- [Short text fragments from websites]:
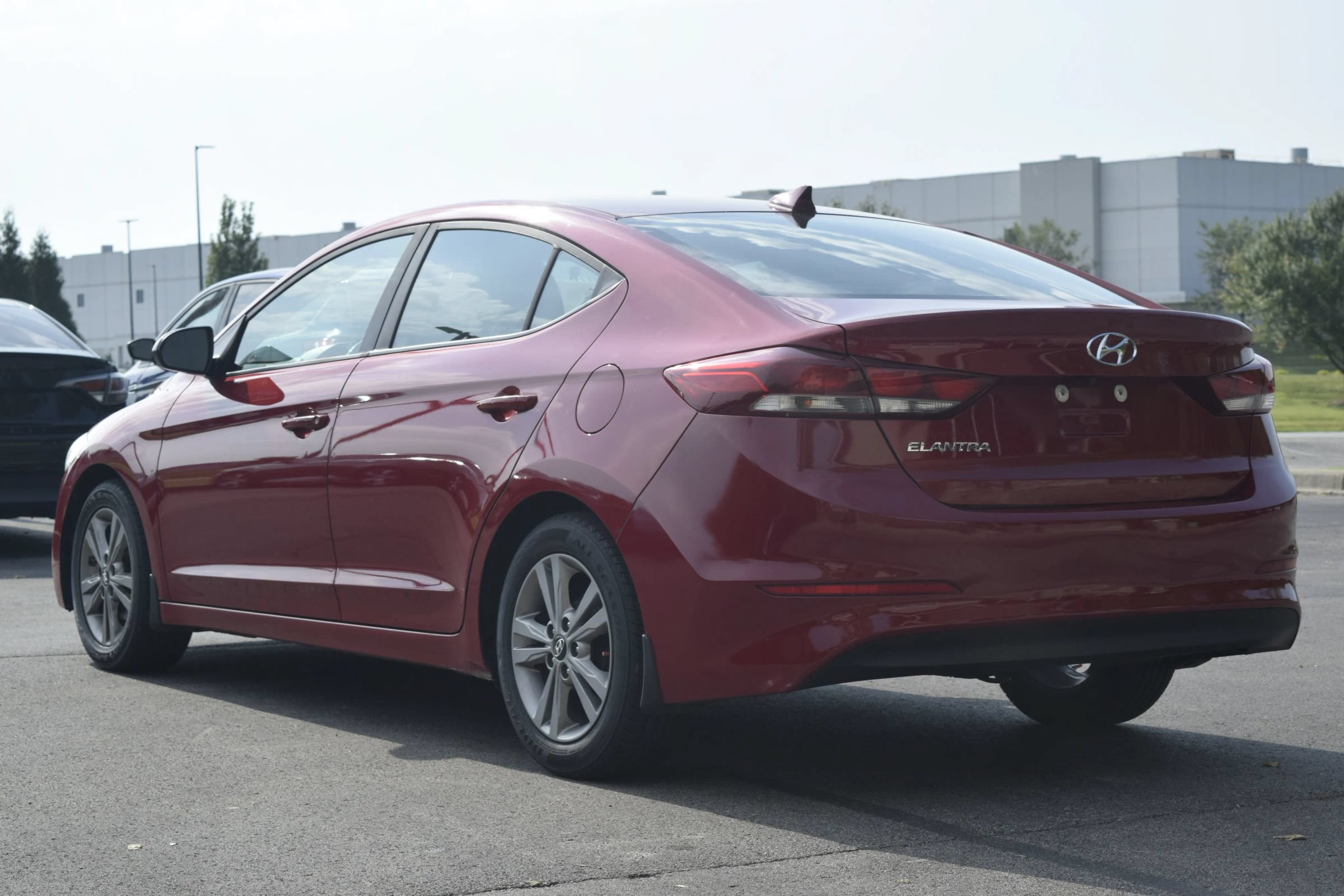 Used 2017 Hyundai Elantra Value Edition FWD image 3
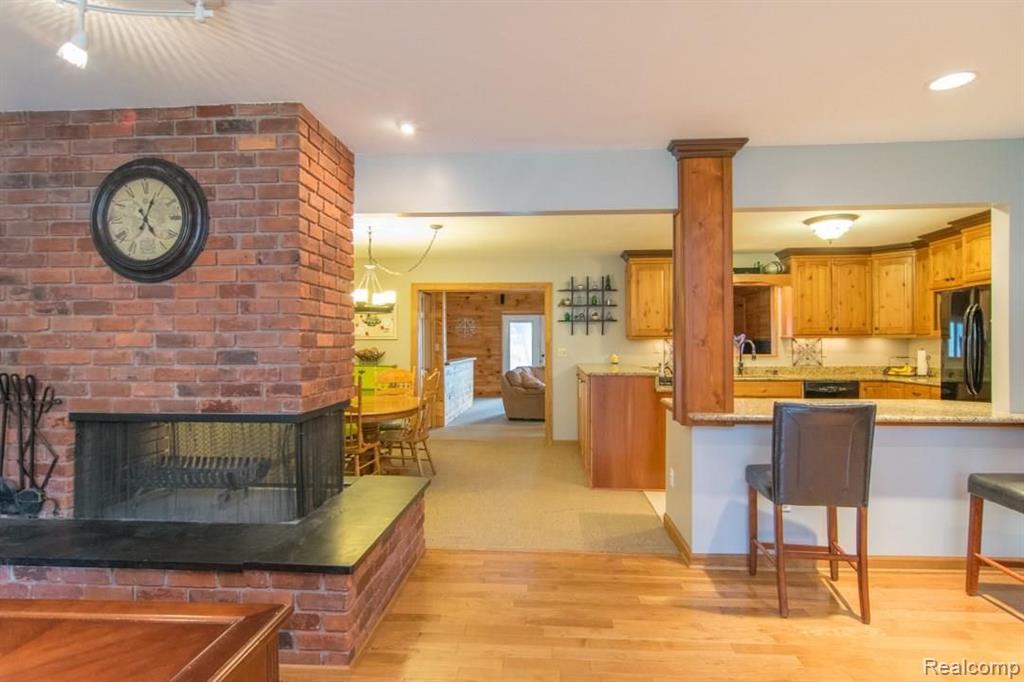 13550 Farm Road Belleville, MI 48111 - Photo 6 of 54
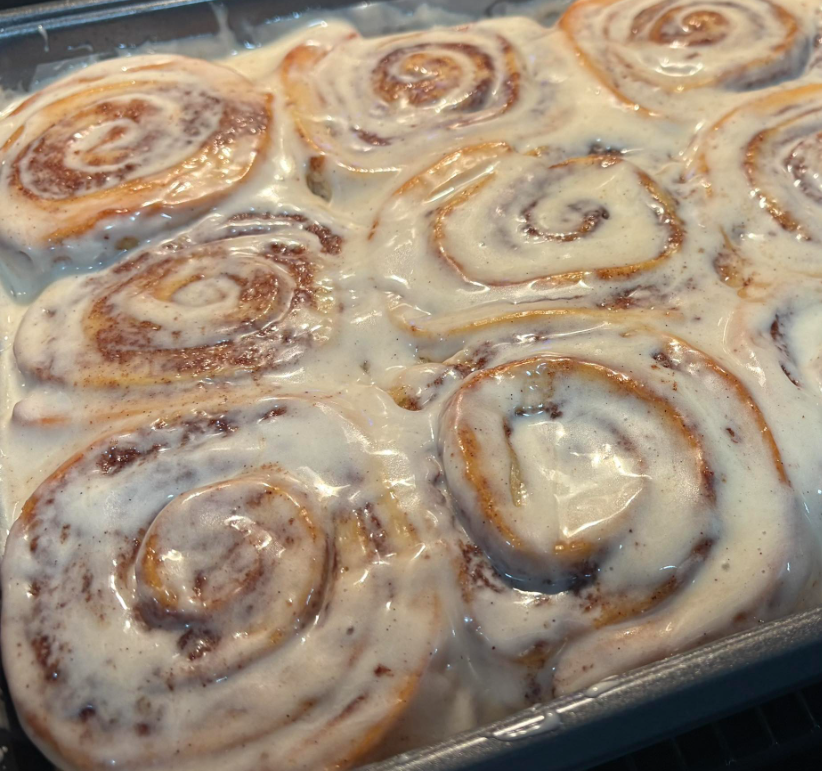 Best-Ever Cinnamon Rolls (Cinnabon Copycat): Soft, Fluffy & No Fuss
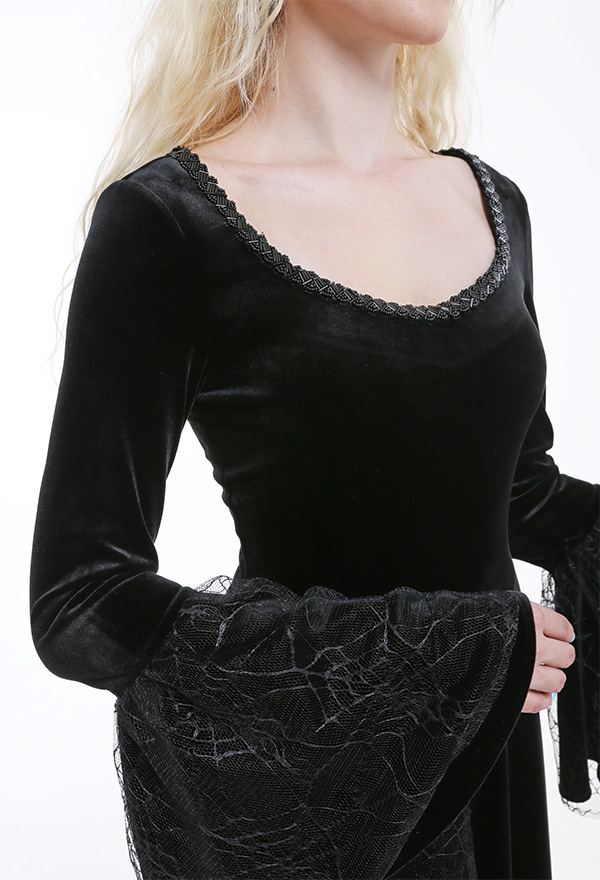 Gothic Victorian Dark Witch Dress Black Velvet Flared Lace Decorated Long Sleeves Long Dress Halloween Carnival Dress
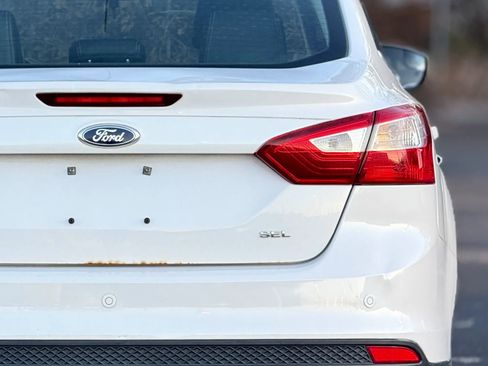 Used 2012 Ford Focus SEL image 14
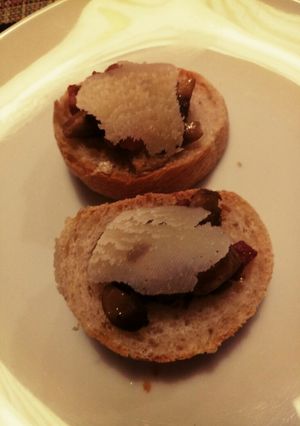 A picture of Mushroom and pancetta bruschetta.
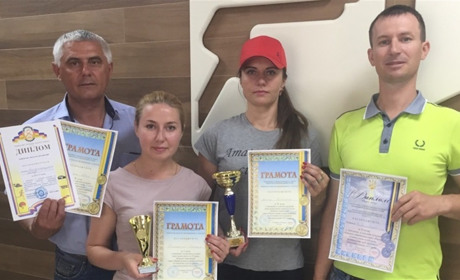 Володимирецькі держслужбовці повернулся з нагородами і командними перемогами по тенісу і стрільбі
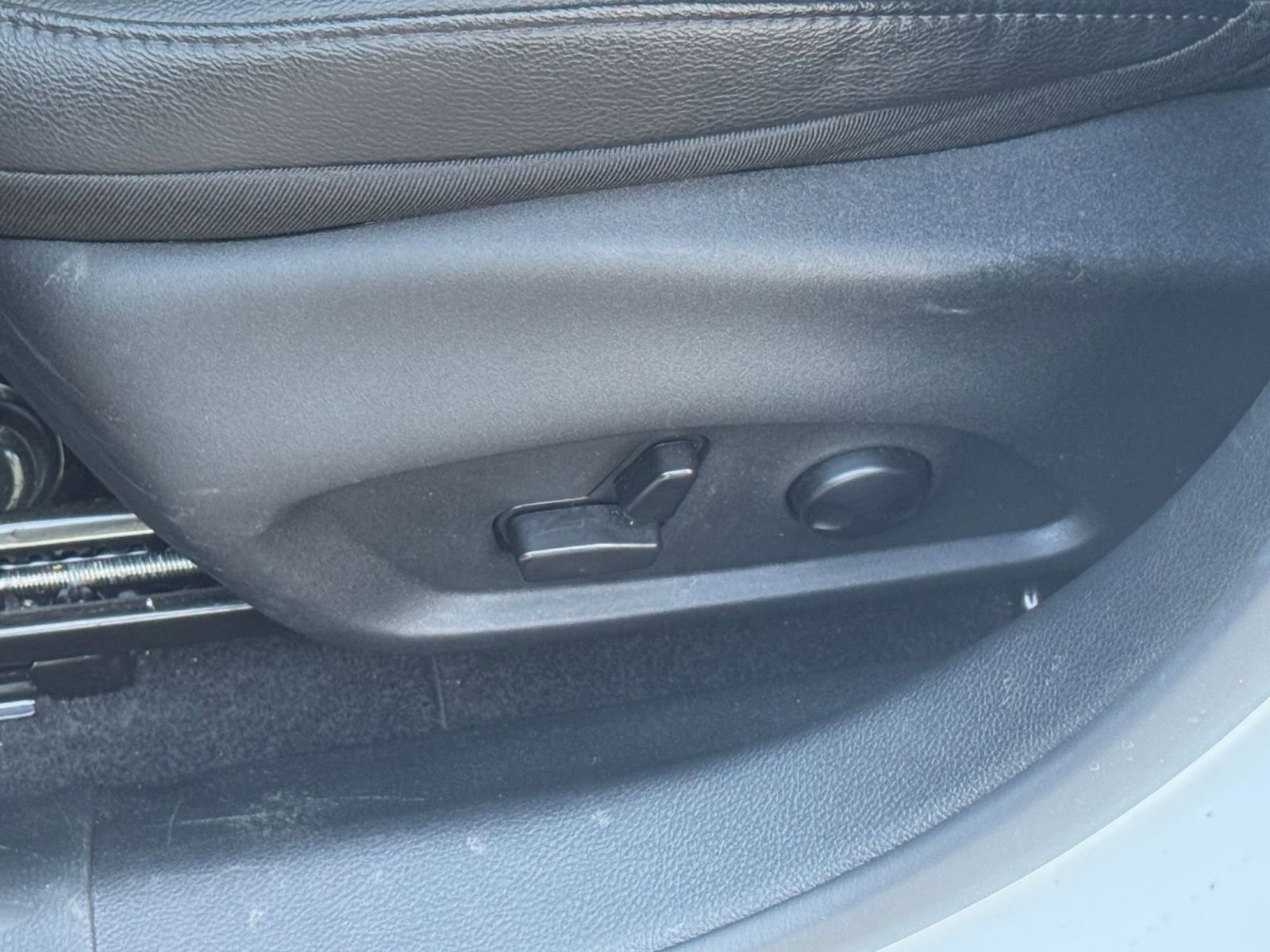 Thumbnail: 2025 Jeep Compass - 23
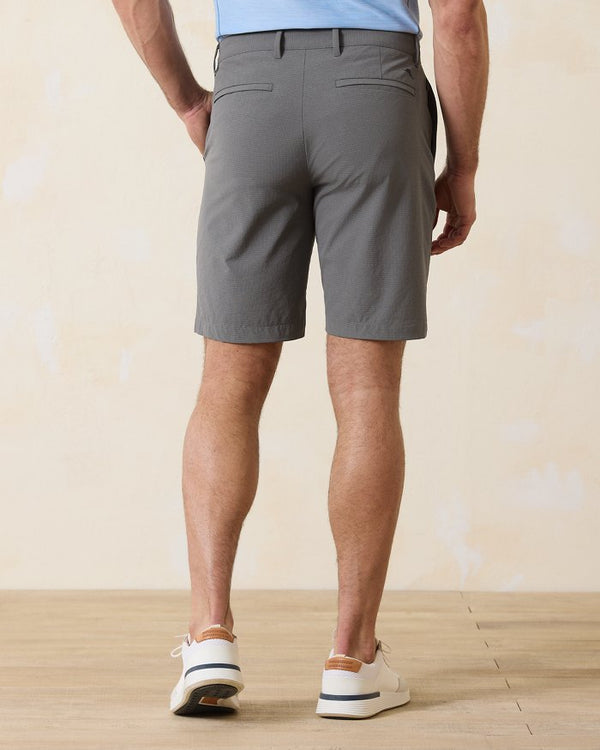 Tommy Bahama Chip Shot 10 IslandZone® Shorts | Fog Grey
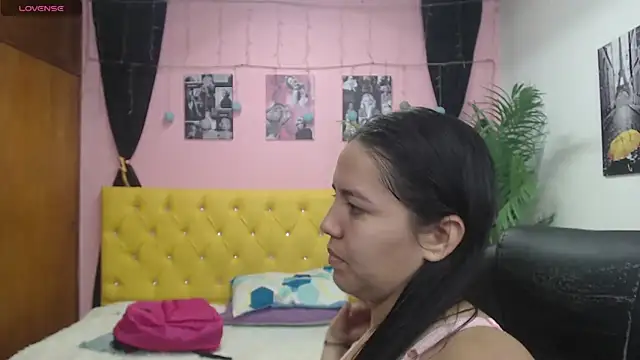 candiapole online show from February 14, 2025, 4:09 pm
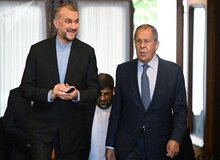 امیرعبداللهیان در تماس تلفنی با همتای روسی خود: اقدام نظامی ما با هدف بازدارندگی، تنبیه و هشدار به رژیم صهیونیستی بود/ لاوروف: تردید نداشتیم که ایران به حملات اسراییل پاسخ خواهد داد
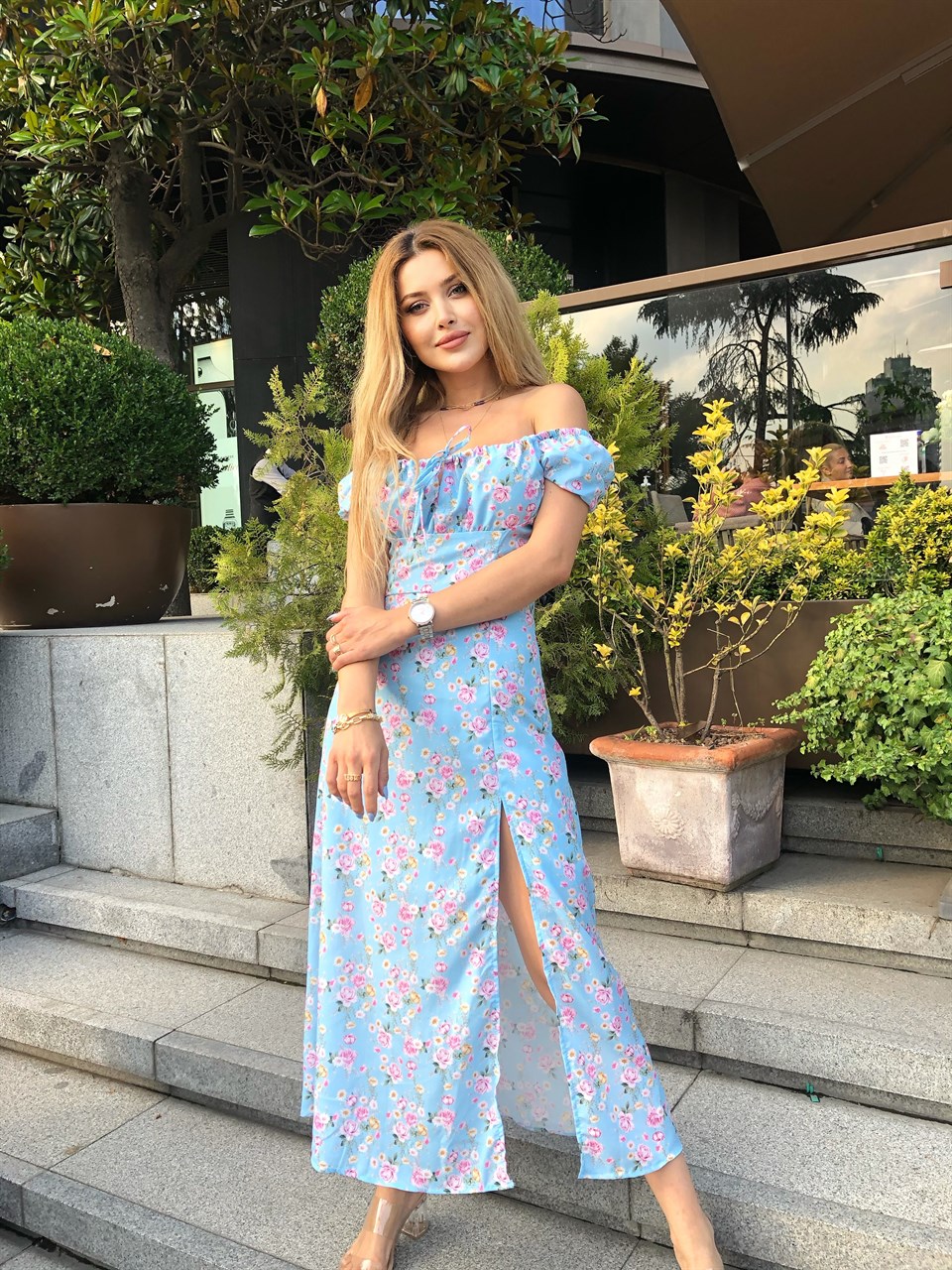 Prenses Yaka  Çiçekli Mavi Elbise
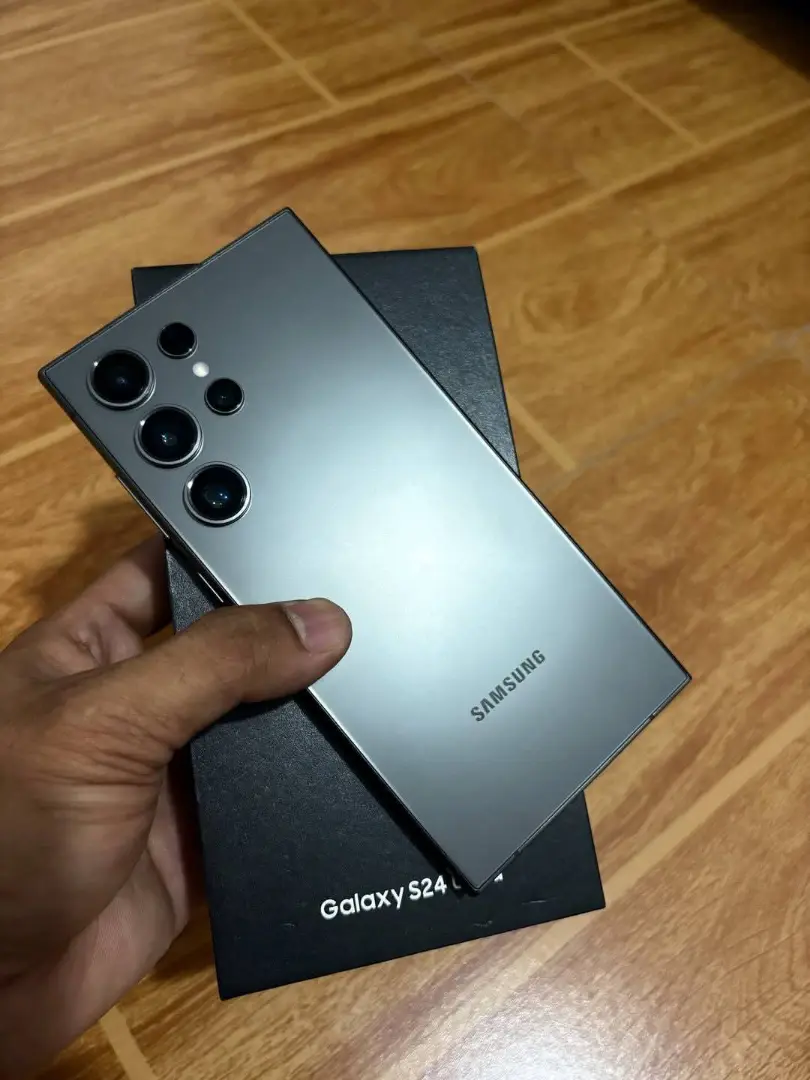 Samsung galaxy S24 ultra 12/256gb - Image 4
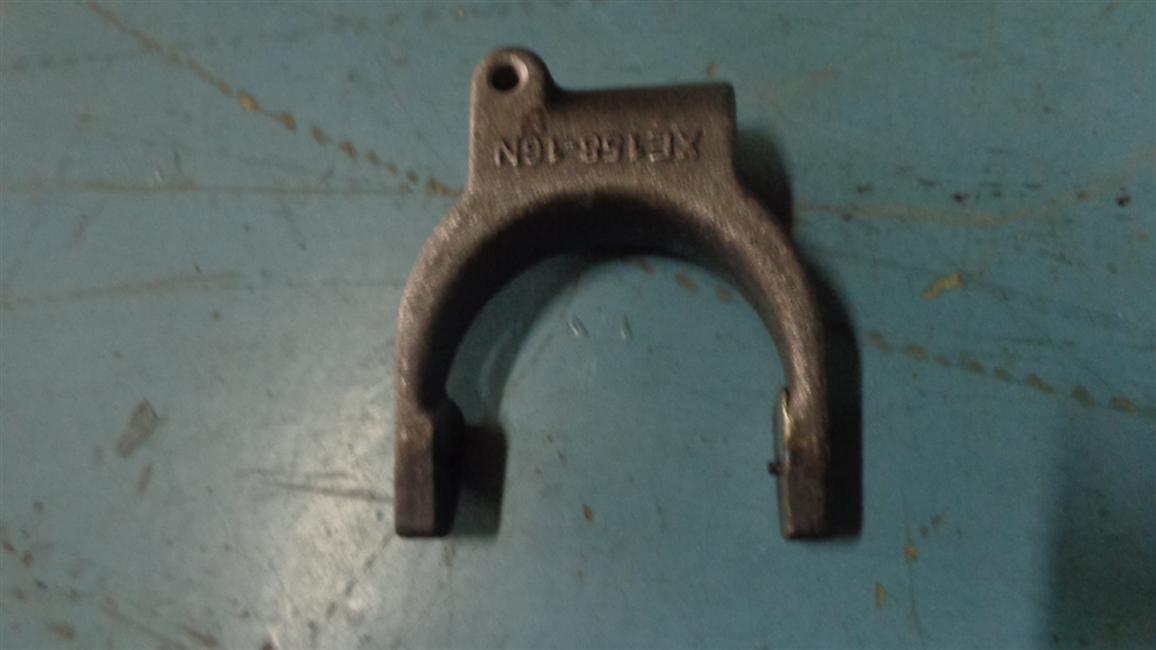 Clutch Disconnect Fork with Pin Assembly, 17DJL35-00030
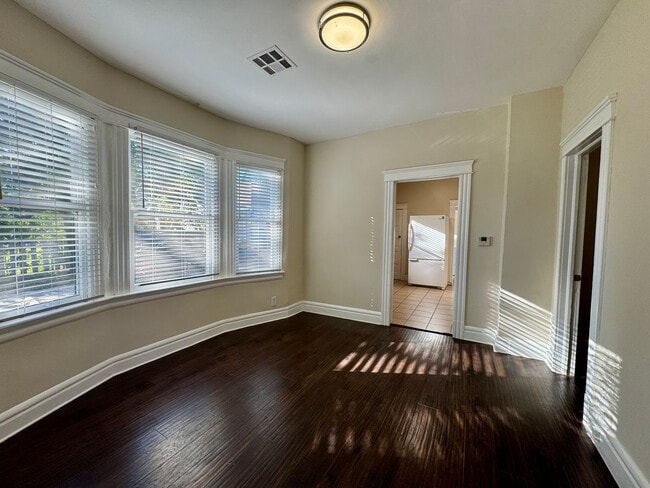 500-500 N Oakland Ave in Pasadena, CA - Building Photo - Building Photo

- [Problem details]: Please write out exactly, and only, the lines from the beginning of the entries through the line containing "Used 2012 Ford Focus SEL image 14", including both and skipping all pictures.

- [Answer for the task]:
 Used 2017 Hyundai Elantra Value Edition FWD image 3
 13550 Farm Road Belleville, MI 48111 - Photo 6 of 54
 Best-Ever Cinnamon Rolls (Cinnabon Copycat): Soft, Fluffy & No Fuss
 Gothic Victorian Dark Witch Dress Black Velvet Flared Lace Decorated Long Sleeves Long Dress Halloween Carnival Dress
 Used 2012 Ford Focus SEL image 14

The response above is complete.